With @XiaohuaZhai @__kolesnikov__ @neilhoulsby we scale up plain old ViT on ~infinite data (3B🤯😬)

We share our results (incl. scaling laws, ImageNet SOTA both many and few-shot) and our recipe (incl. OneWeirdTrick to significantly boost few-shot)

arxiv.org/abs/2106.04560
🧵👇
1. The scaling laws. It seems that in image classification too, Transformers follow a power-law (eg straight line in log-log), although it saturates on both upper and lower end. This holds across datasets, linear eval, fine-tuning, ...
2. Larger ViT are more sample-efficient. L/16 reaches the same accuracy s Ti/16 with about 100x fewer images seen!
3. Results: These large pre-trained ViTs are pretty amazing at few-shot learning with just a linear classifier on top of frozen model. Almost 70% with 1 image per class on ImageNet, and 83% with 5 images per class, i.e. 0.5% of the dataset!
Also, new SOTA when fine-tuned: 90.45%.
4. OneWeirdTrick to improve linear few-shot dramaticaly: We switch to GAP (or MAP) "head" and use much stronger weight-decay on the classifier "head" than on ViT's "body". It looks *worse* upstream, but is *a lot better* in few-shot!

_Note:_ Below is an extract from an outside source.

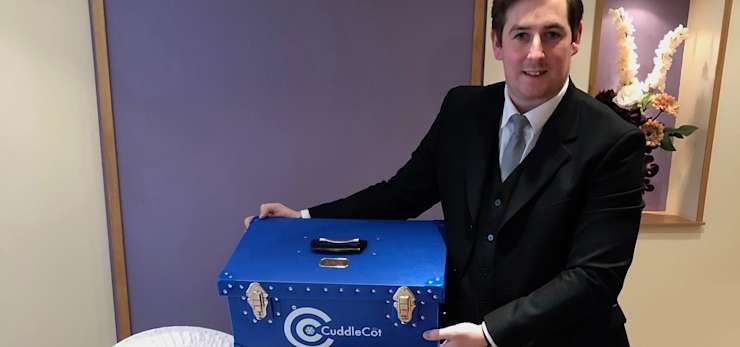 Funeral director holding a cuddle cot.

We hypothesize this increases margin à la SVM
5. Learning-rate: Train 1 get M free!

We opt for a learning-rate schedule of warmup-rsqrt-cooldown. This allows to train "infinitely" and add cooldowns post-hoc, simulating many runs with just one.

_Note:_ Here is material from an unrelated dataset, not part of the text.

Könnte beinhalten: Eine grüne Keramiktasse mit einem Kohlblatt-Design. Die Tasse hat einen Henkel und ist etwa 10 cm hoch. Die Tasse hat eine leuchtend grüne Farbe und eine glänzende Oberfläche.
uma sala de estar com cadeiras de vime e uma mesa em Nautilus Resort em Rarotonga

In experiments (not shown), this was much better than "warm restarts" schedules.
6. Because of complex XLA optimization, one can't say upfront what will fit at the memory limit. We use an empirial "shapefinder" approach and scale "diagonally".

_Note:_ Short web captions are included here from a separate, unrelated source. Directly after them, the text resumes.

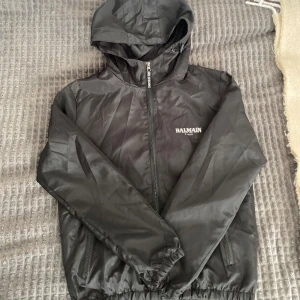 Svart vindjacka från Balmain Paris - Svart vindjacka från Balmain Paris med huva och dragkedja framtill. Jackan har vita Balmain-loggor på bröstet och ryggen, elastiska muddar och två fickor med dragkedja. Perfekt för dig som vill ha en clean och stilren look.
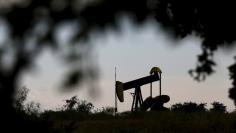 An oil pump jack can be seen in Cisco, Texas, August 23, 2015.  REUTERS/Mike Stone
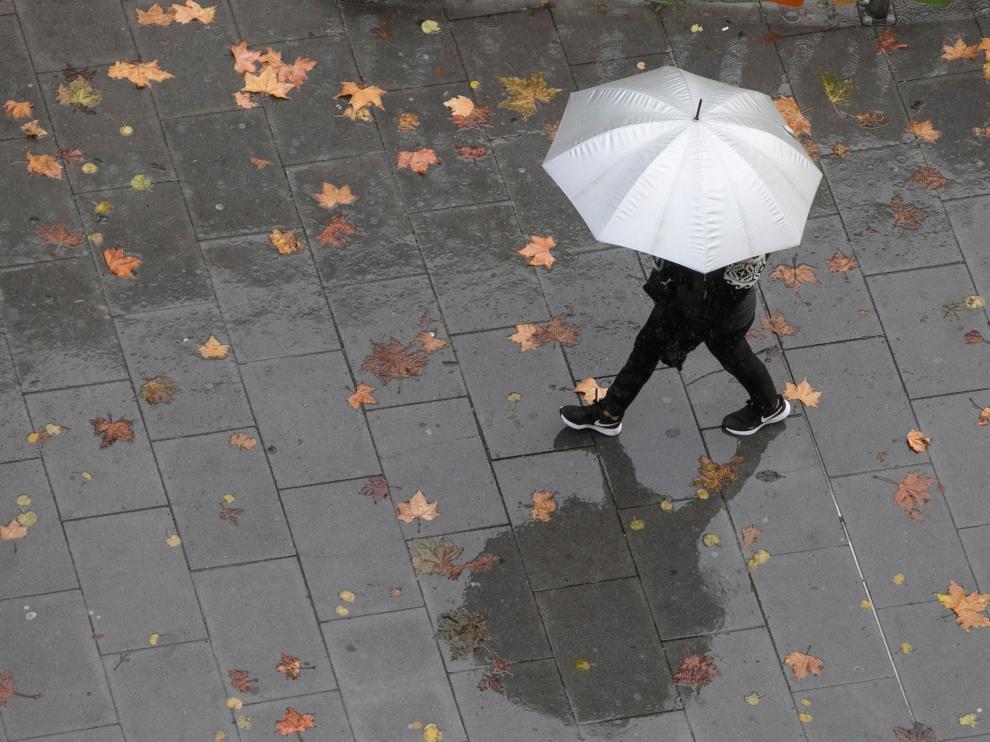 Una persona camina bajo la lluvia en una imagen de archivo. Aemet en Aragón prevé para los próximos días una sucesión de frentes, con precipitaciones.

We investigate "novel" optimizer variants with half-precision to reduce their memory use A LOT without loss of accu.
This was a fun exploration.

Besides my co-authors I'd like to give special shout-out to @jekbradbury who selflessly helped us get stuff running on huge TPU machines!
Also, @rikelhood @joapuipe @_basilM Alexey for hanging in there with us.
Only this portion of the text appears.